REQUIRED ACTION: I'd ask you to write out the lines below exactly, with no images.

MATERIAL TO PROCESS:
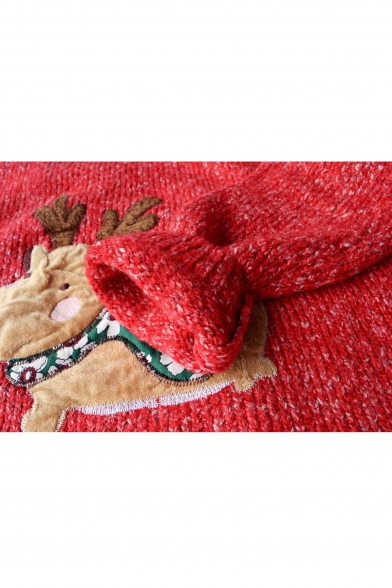 Christmas Deer Applique Must-have Long Sleeve Sweater with Round Neck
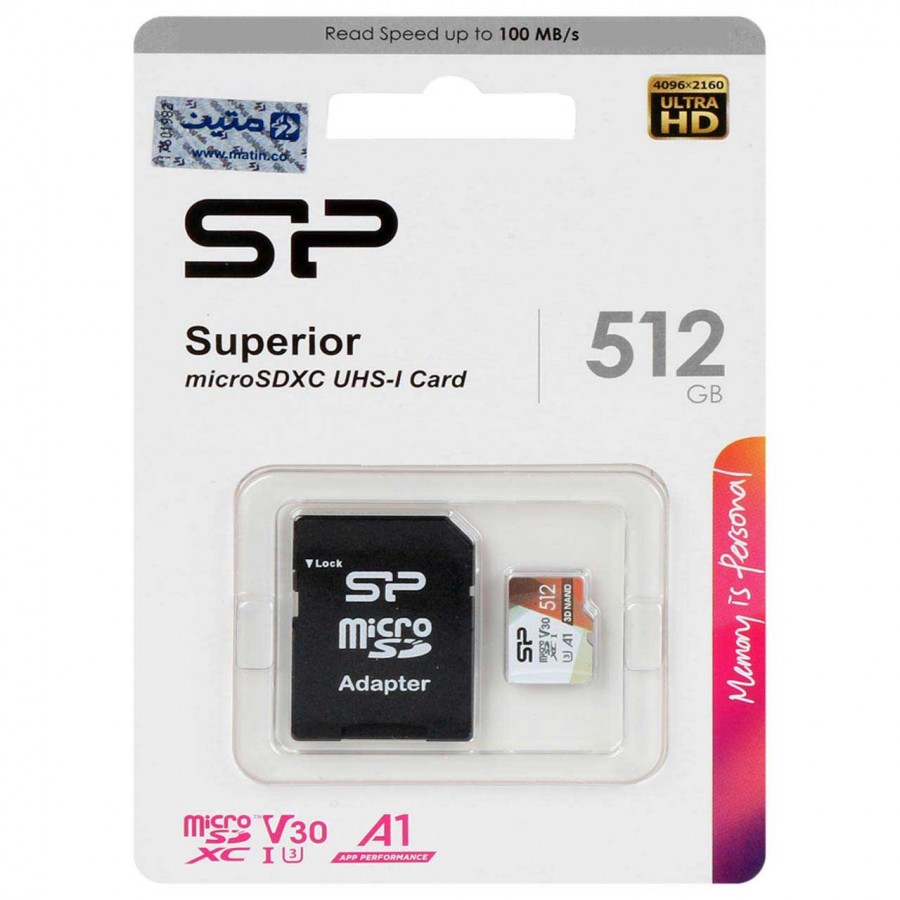 کارت حافظه SILICON POWER 512GB U3 مدل Superior سرعت 100MB/s همراه با آداپتور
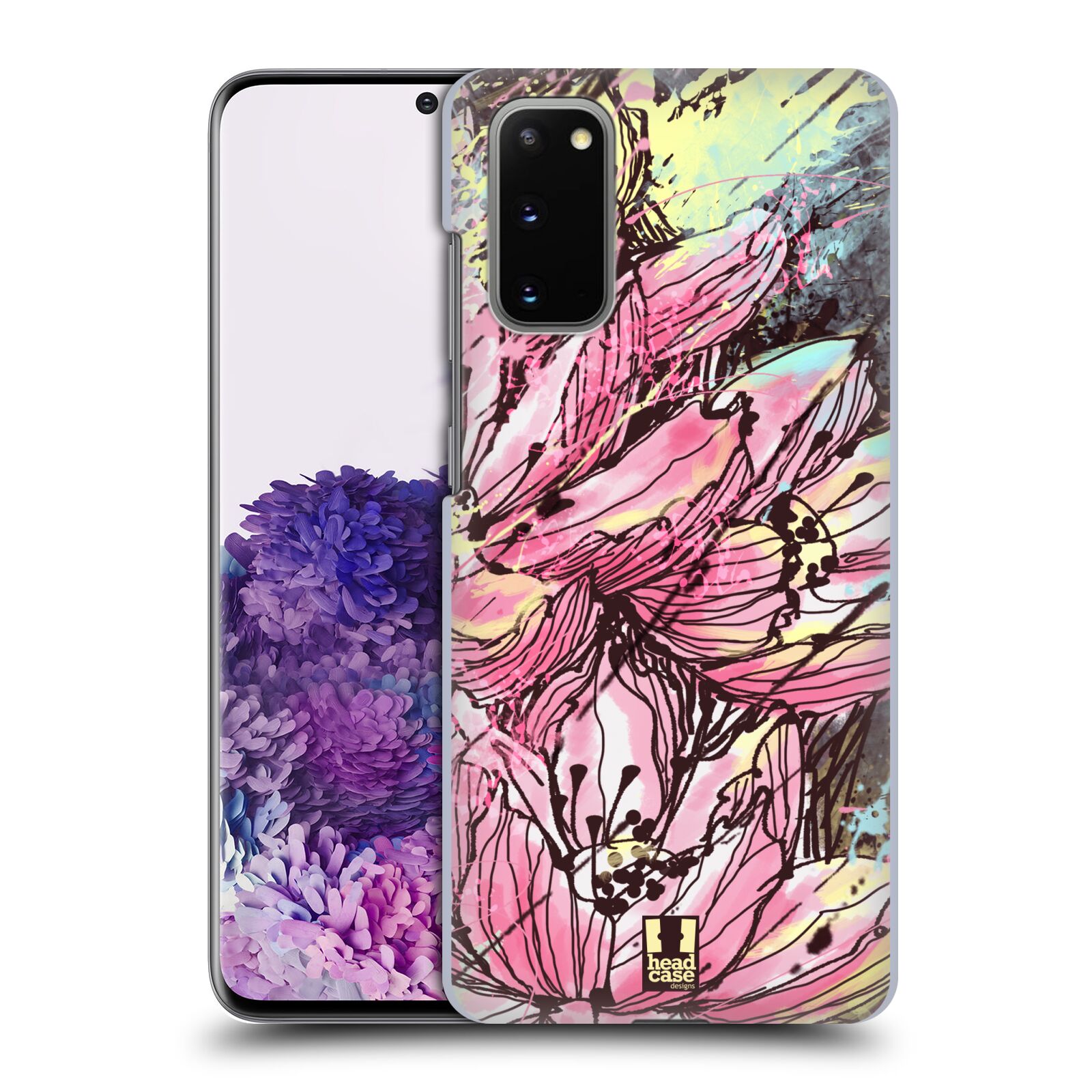 Pouzdro na mobil Samsung Galaxy S20 - HEAD CASE - vzor Kreslené barevné květiny RŮŽOVÁ HANAKOTOBA
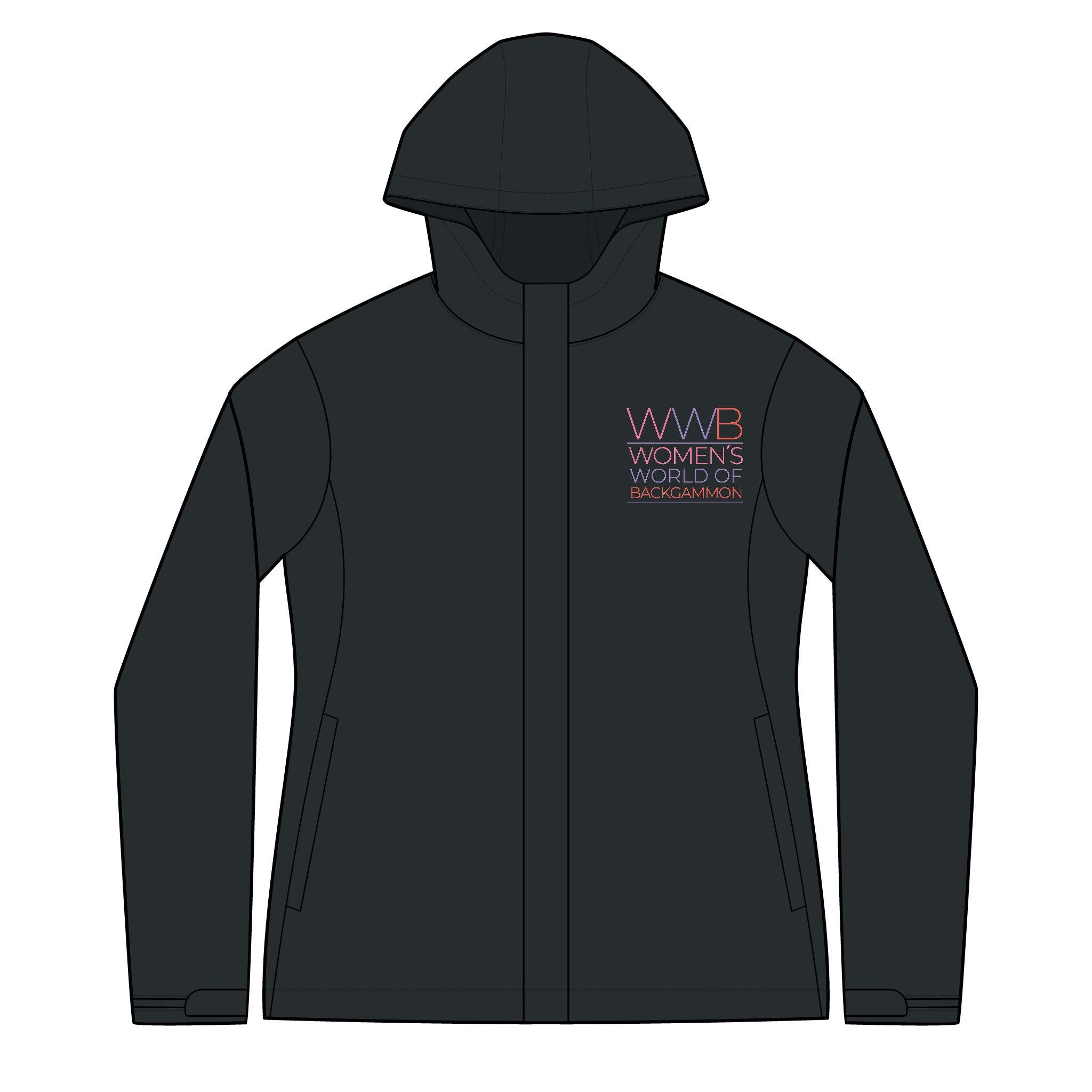 Arcadia Women's Hoodie Jacket — Women's World of Backgammon Logo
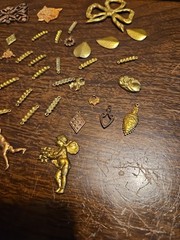Lot Of 50 Mixed Parts Pcs France Vintage 60s Brass Stampings Findings Jewelry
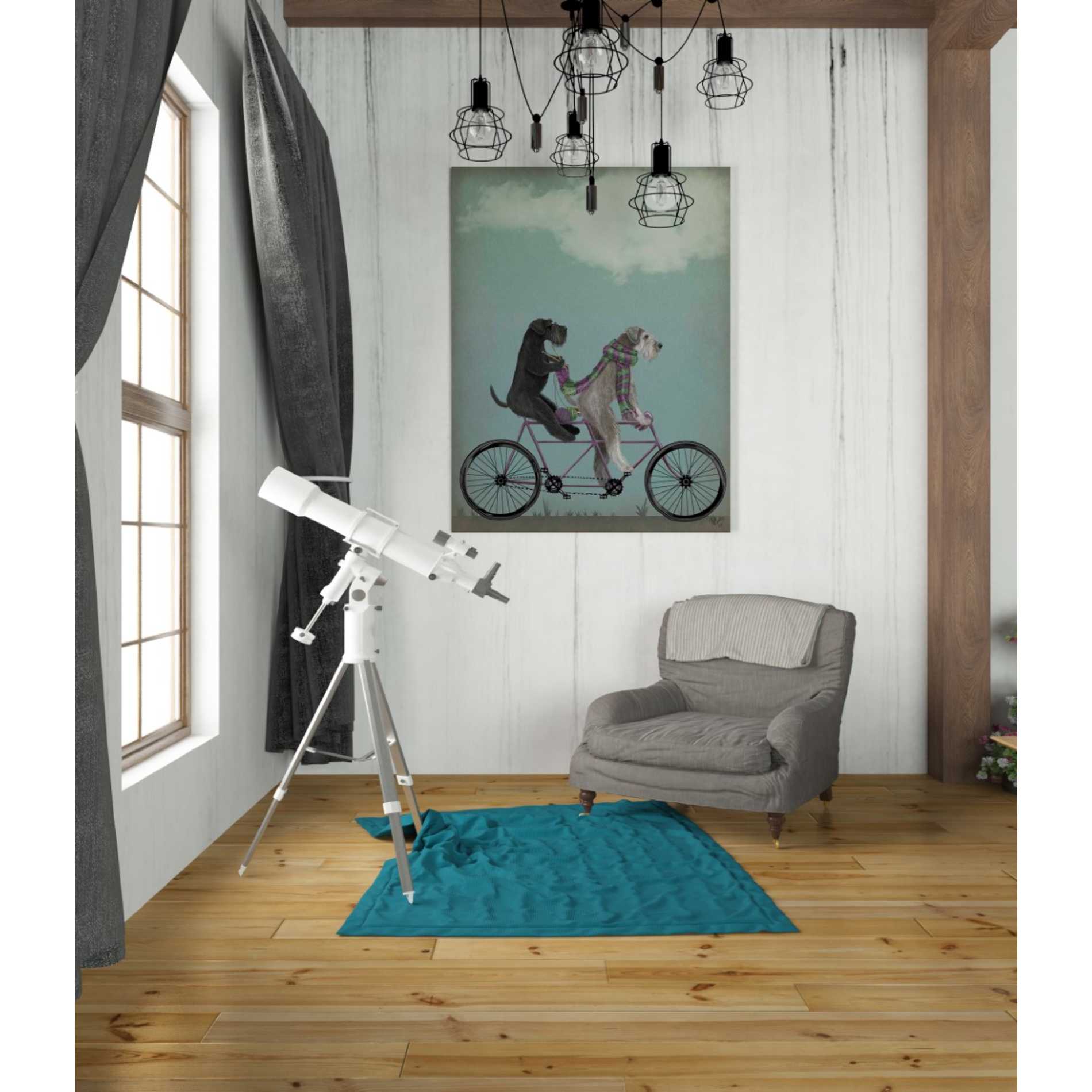 'Schnauzer Tandem' by Fab Funky Giclee Canvas Wall Art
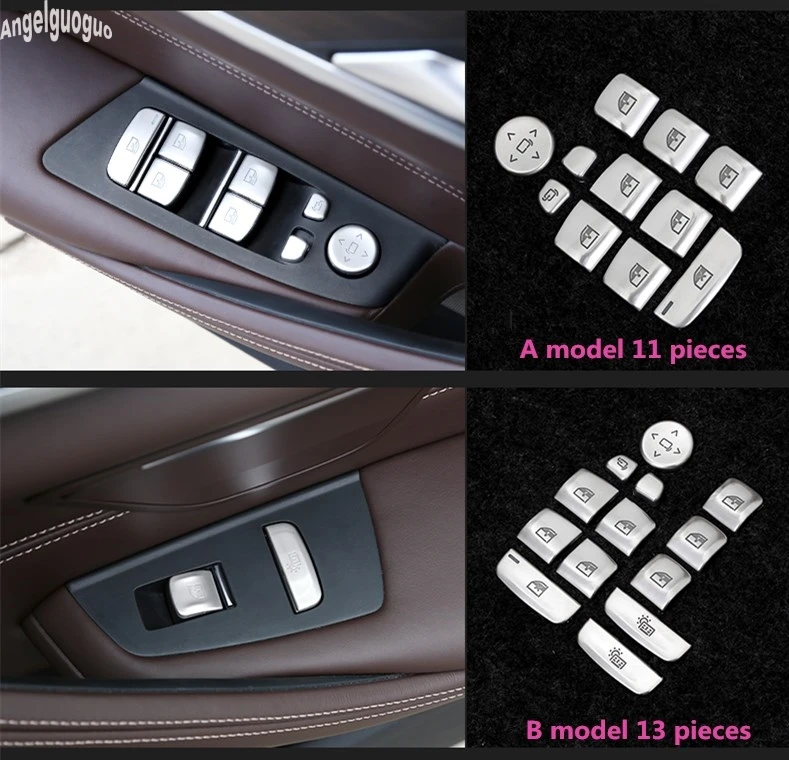 For BMW 5 Series G30 G38 528/530/540Li 2017 18 ABS chrome Car Window Glasses Lifter Button Decoration Cover Sticker Car-styling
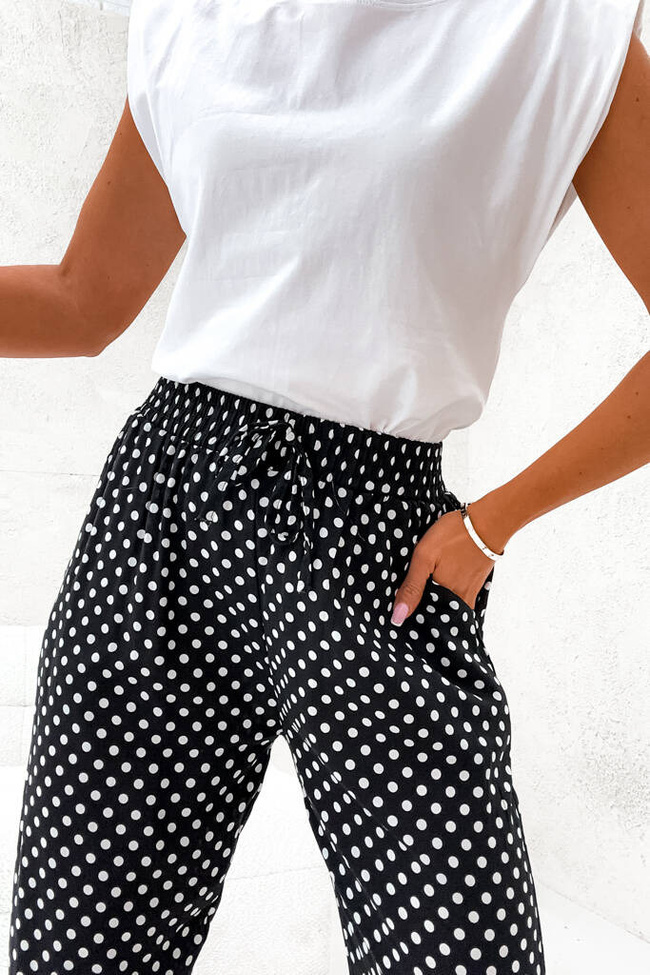 BAWEŁNIANE SPODNIE W KROPKI- CZARNE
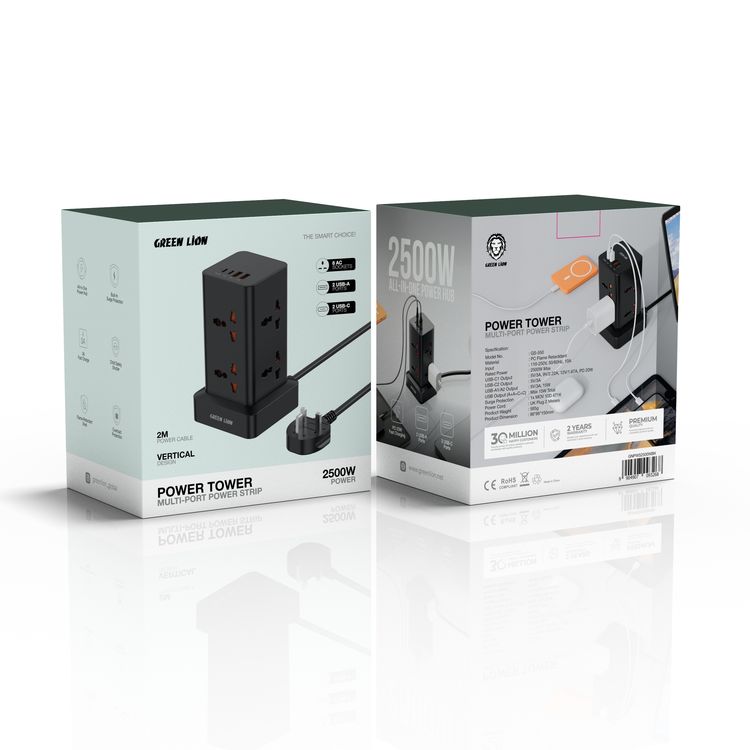 Green Lion Power Tower 2500W Universal Power Strip, Vertical Design with 8×AC Outlet Sockets, 2×Type-C & 2×USB-A Ports, 20W Power Delivery, Built-in Overload & Surge Protection, UK 3-Pin Plug with 2m Cord Length, Multi-Device Charging – Black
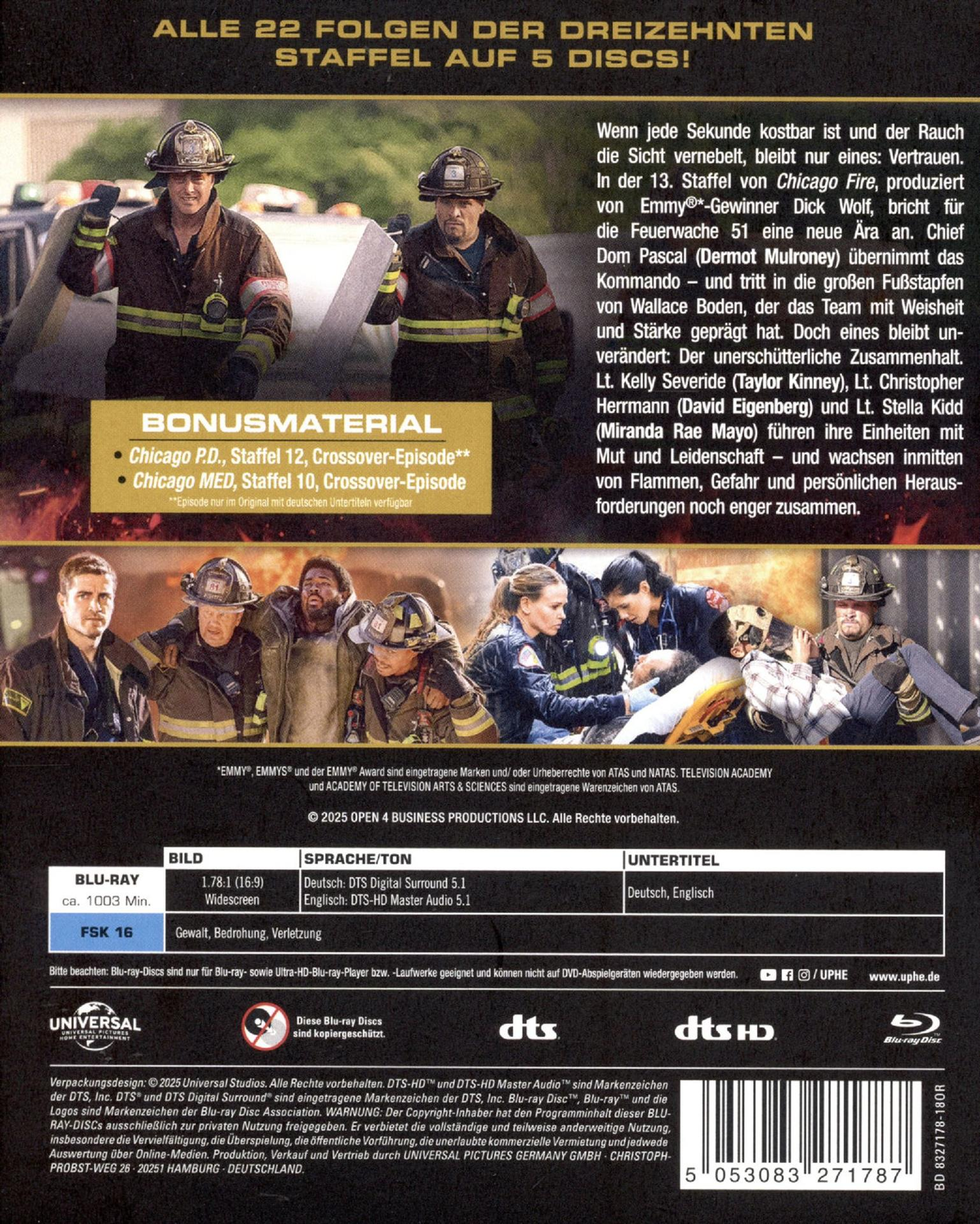 Blu-ray-Cover mit Feuerwehrleuten, Text auf Deutsch und Logos für DTS, Blu-ray und Universal Pictures.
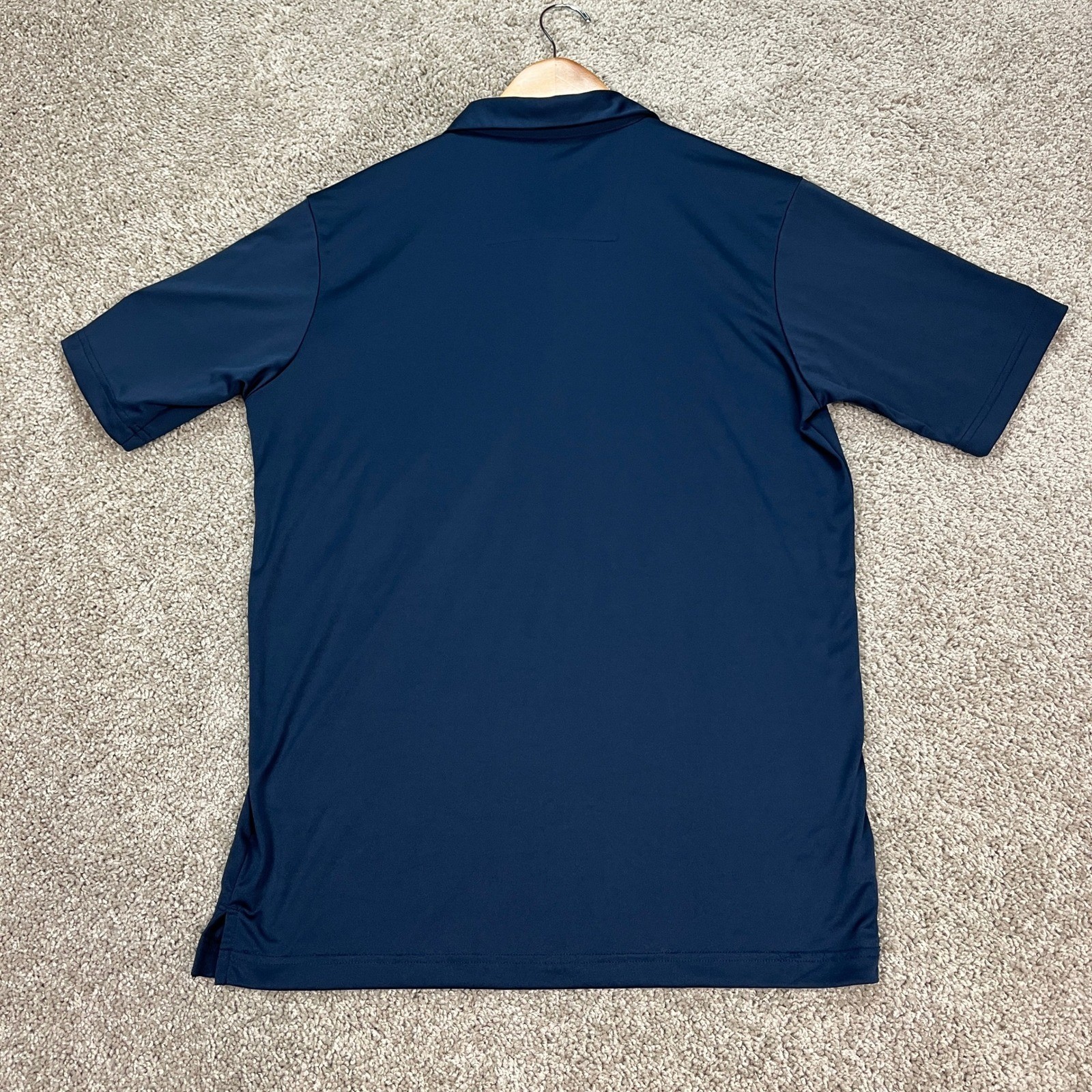 Antigua Polo Shirt Men Medium Navy Blue 3 Button Placket Performance NASCAR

RESULT:
 Christmas Deer Applique Must-have Long Sleeve Sweater with Round Neck
 کارت حافظه SILICON POWER 512GB U3 مدل Superior سرعت 100MB/s همراه با آداپتور
 Pouzdro na mobil Samsung Galaxy S20 - HEAD CASE - vzor Kreslené barevné květiny RŮŽOVÁ HANAKOTOBA
 Arcadia Women's Hoodie Jacket — Women's World of Backgammon Logo
Lot Of 50 Mixed Parts Pcs France Vintage 60s Brass Stampings Findings Jewelry
 'Schnauzer Tandem' by Fab Funky Giclee Canvas Wall Art
 For BMW 5 Series G30 G38 528/530/540Li 2017 18 ABS chrome Car Window Glasses Lifter Button Decoration Cover Sticker Car-styling
 BAWEŁNIANE SPODNIE W KROPKI- CZARNE
 Green Lion Power Tower 2500W Universal Power Strip, Vertical Design with 8×AC Outlet Sockets, 2×Type-C & 2×USB-A Ports, 20W Power Delivery, Built-in Overload & Surge Protection, UK 3-Pin Plug with 2m Cord Length, Multi-Device Charging – Black
 Blu-ray-Cover mit Feuerwehrleuten, Text auf Deutsch und Logos für DTS, Blu-ray und Universal Pictures.
 Antigua Polo Shirt Men Medium Navy Blue 3 Button Placket Performance NASCAR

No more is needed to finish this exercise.